In Unit 5, students will examine the concept of madness and sanity and their relationship to reality and fantasy while also exploring the price of conformity and nonconformity. During this unit, students will dissect Williams’ A Streetcar Named Desire and Wilson’s Ma Rainey’s Black Bottom, engaging in a comparative analysis of the two plays and how they approach the concept of madness and sanity and use conflict and plot to develop themes and characters in their plays.
This unit starts with a close reading/watching of Catron’s TED Talk "A better way to talk about love" and provides students the opportunity to begin to unpack the idea of madness while also examining how an author uses evidence and claims to develop an argument. In the remainder of the first arc of the unit, students read a variety of supplemental texts to further explore madness and its relation to sanity. Texts include "Much Madness is divinest Sense" by Emily Dickinson, "Landlady" by P.K. Page, and "Gaslight Stories: The Madwoman in the Attic" by Sarah Wise. At the end of Arc 1, students will engage in a Socratic seminar and write an insight piece, putting various authors and texts into conversation with each other and reaching a new conclusion.

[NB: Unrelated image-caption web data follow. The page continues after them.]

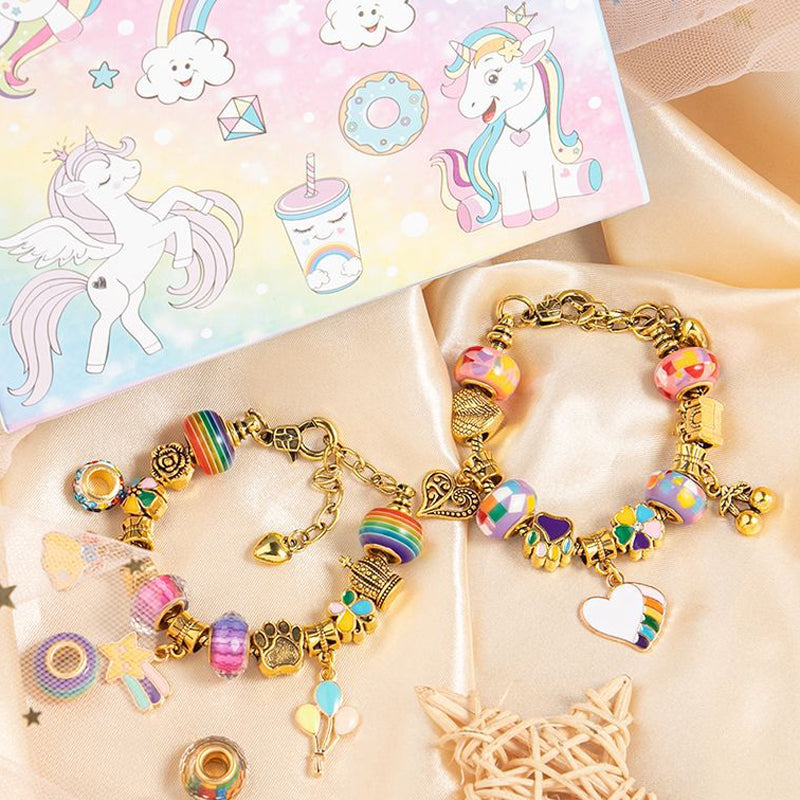 DIY Crystal Bracelet Set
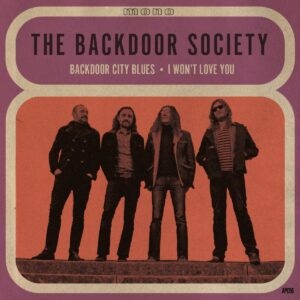 The Backdoor Society – Backdoor City Blues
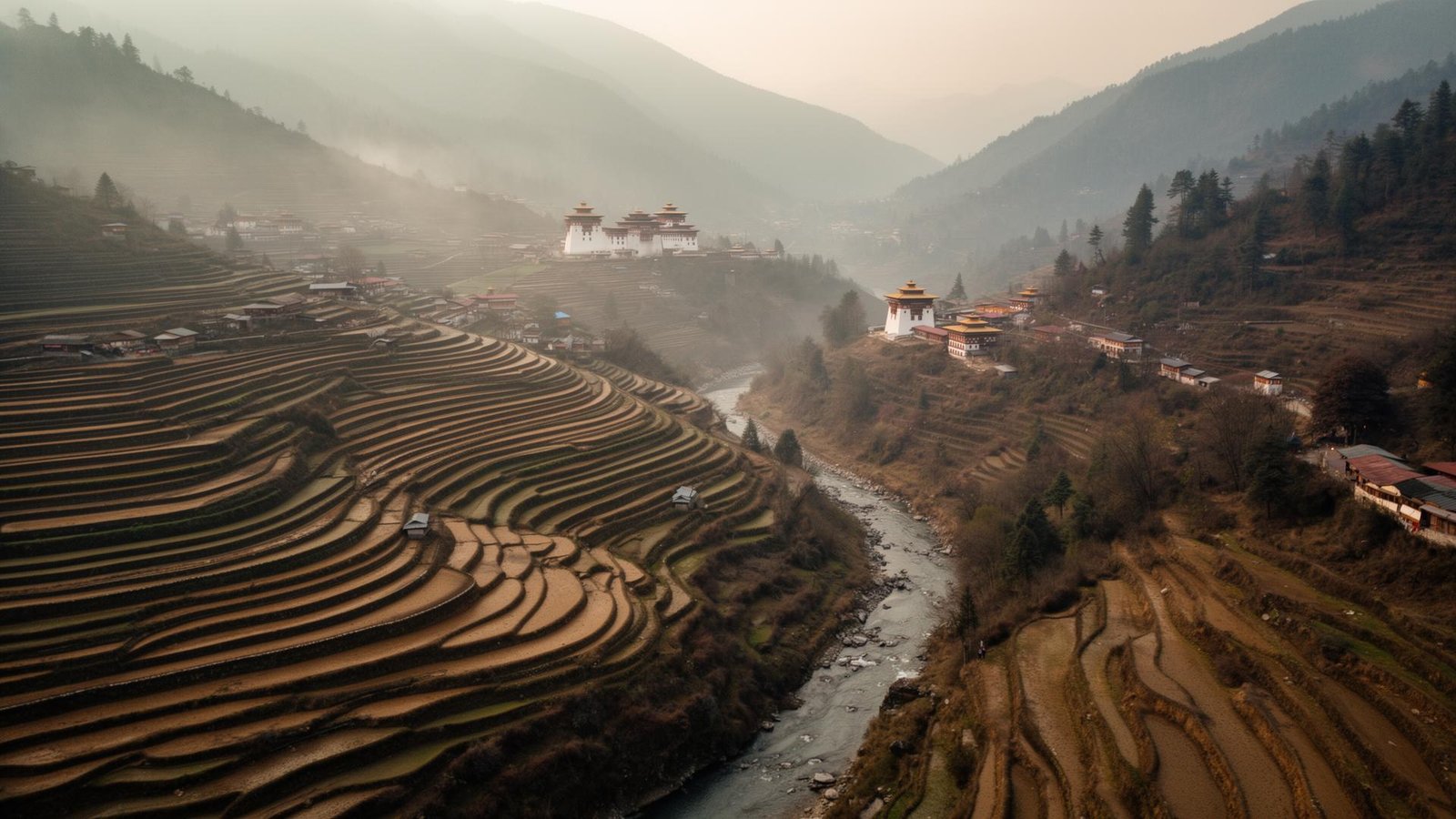 Punakha Valley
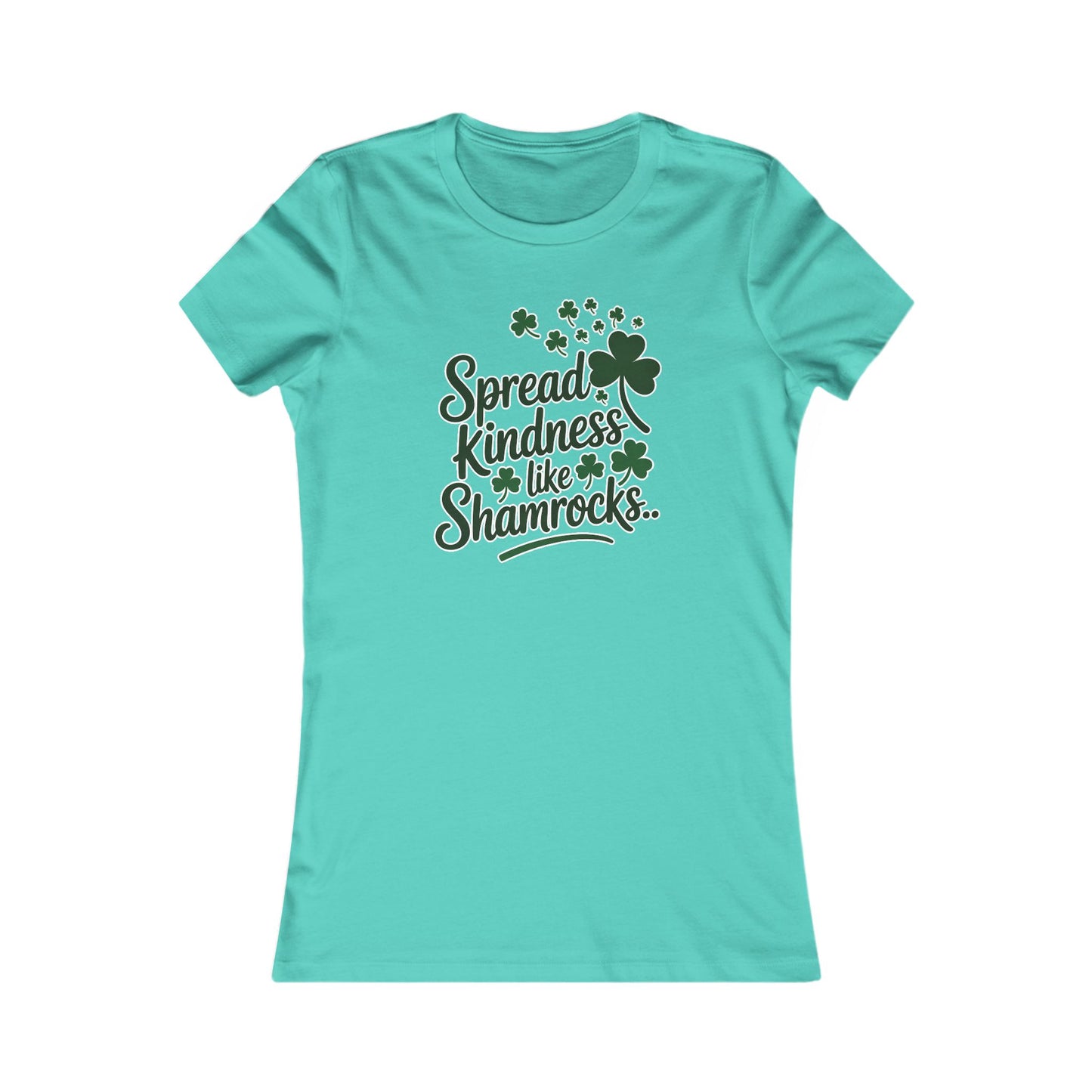 Spread Kindness Like Shamrocks St Patrick's Day Tee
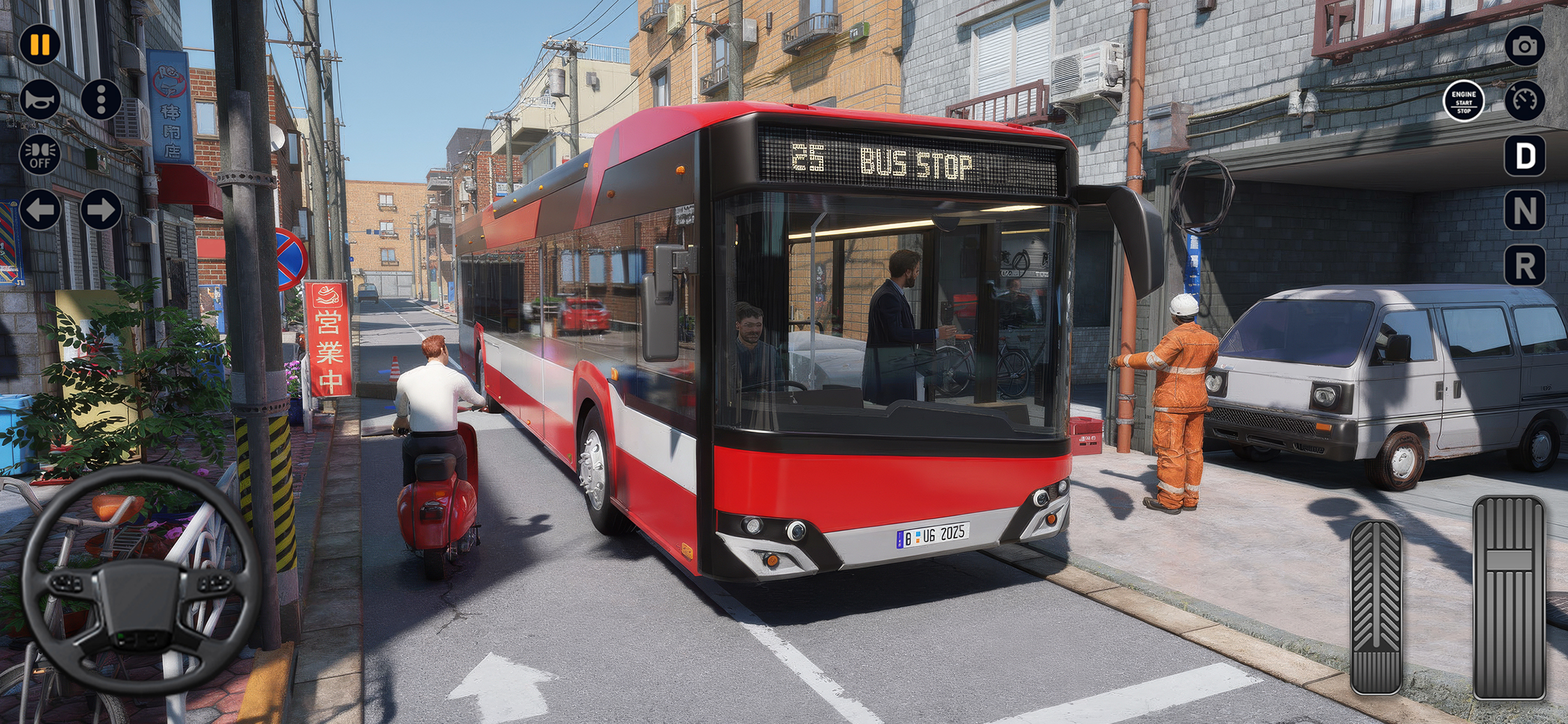Bus Simulator : EVO screenshot 5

The second and third arcs of the unit contain a study of A Streetcar Named Desire, a play about the experiences of Blanche DuBois, a former Southern belle who leaves her privileged background to move into a shabby apartment in New Orleans rented by her younger sister Stella and brother-in-law, Stanley, and Ma Rainey’s Black Bottom, a play about blues singer Ma Rainey and her experiences recording in a music studio in Chicago in 1927. While reading these plays, students will track each character’s desires including how they pursue them and ultimately how their desires impact their overall development. Additionally, both texts are ripe with tension, and thus students will analyze the conflicts in each and how both playwrights use conflict to deliberately propel the action in a play and convey complex ideas.
In the fourth and final arc of the unit, students will prepare for the unit performance task which asks students to craft a review of either the 2020 film adaptation of Ma Rainey’s Black Bottom or the 1951 film adaptation of A Streetcar Named Desire.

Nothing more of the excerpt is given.